Tony Mansell (@tonymansell)
22nd January 2025, 10:46
Agree with all that, its always more nuanced than a post can ever achieve, maybe yours apart perhaps; but i think before it was more, you need to buck up your ideas a bit Daniel to, wow he’s totally gone. Finding a silver bullet for that is a fools errand but i attempted it anyway!
BasCB (@bascb)
21st January 2025, 14:37
Sorry, but that first sentence is nonsense. By the start of this season it was all but clear that Daniel was not the man Horner (and possibly he himself) wanted to hope he still was. He was never really in the running any more as far as i can see.
Hard to really rate him for this year, but yeah towards the back is certainly where it was.
Sad to see how it went, I doubt there were many fans who did not want to believe and hope he would find his mojo, speed and the fun back when he got his shot at RB junior last year. It would have been a great story and a wholesome result. But it turned out that McLaren was simply correct to drop him since it wasn’t there anymore.

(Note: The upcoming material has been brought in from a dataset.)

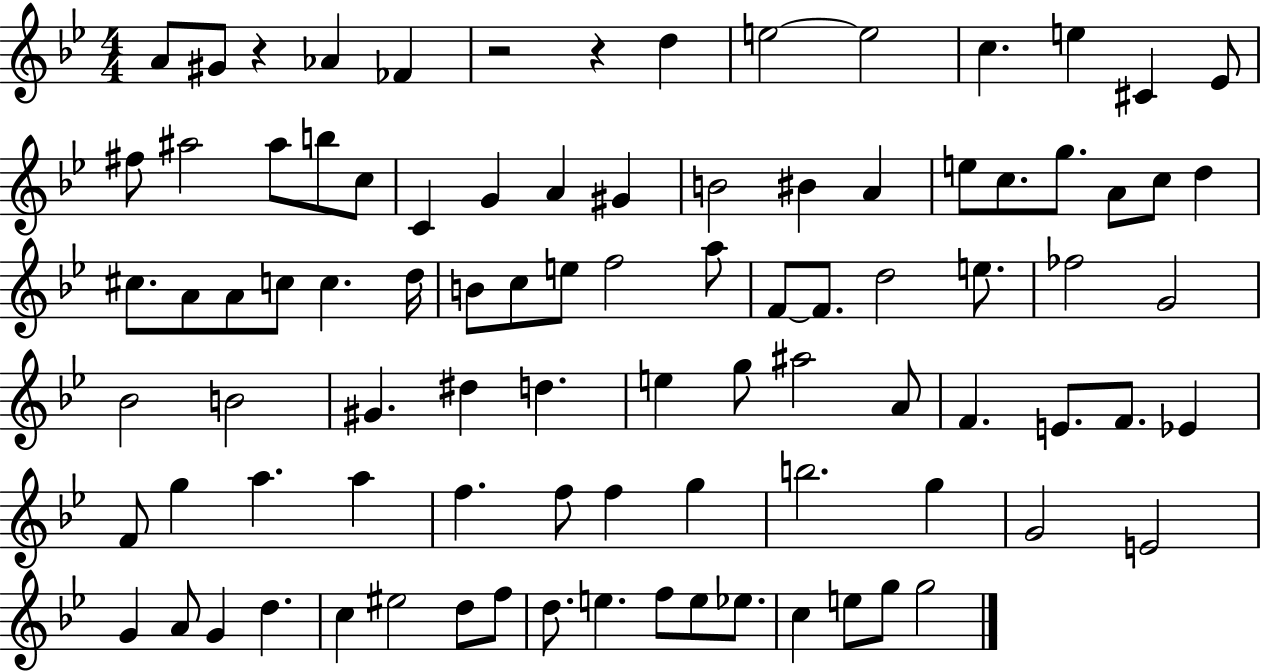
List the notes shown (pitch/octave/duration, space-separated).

A4/e G#4/e R/q Ab4/q FES4/q R/h R/q D5/q E5/h E5/h C5/q. E5/q C#4/q Eb4/e F#5/e A#5/h A#5/e B5/e C5/e C4/q G4/q A4/q G#4/q B4/h BIS4/q A4/q E5/e C5/e. G5/e. A4/e C5/e D5/q C#5/e. A4/e A4/e C5/e C5/q. D5/s B4/e C5/e E5/e F5/h A5/e F4/e F4/e. D5/h E5/e. FES5/h G4/h Bb4/h B4/h G#4/q. D#5/q D5/q. E5/q G5/e A#5/h A4/e F4/q. E4/e. F4/e. Eb4/q F4/e G5/q A5/q. A5/q F5/q. F5/e F5/q G5/q B5/h. G5/q G4/h E4/h G4/q A4/e G4/q D5/q. C5/q EIS5/h D5/e F5/e D5/e. E5/q. F5/e E5/e Eb5/e. C5/q E5/e G5/e G5/h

Esploratore (@esploratore1)
21st January 2025, 16:37
Yes, even taking into account that he wasn’t demolished by tsunoda as badly as he did by norris, tsunoda was never really a top driver and he was comprehensively beaten by gasly: peak ricciardo should’ve been at the very least gasly level, if not better, so I can see why red bull decided being unable to beat tsunoda wasn’t enough to continue even with the B team.
MoogleSlam
21st January 2025, 21:58
One of my favorite drivers, but this ranking is unfortunately deserved. I’d love to see him get one more shot in a car that suits his driving style.
Chris (@austin-healey)
22nd January 2025, 12:55
Another mitigating factor that hasn’t been mentioned was some of the Cash App crap strategy calls.
Some absolutely horrendous calls on tyres and pitstop timing.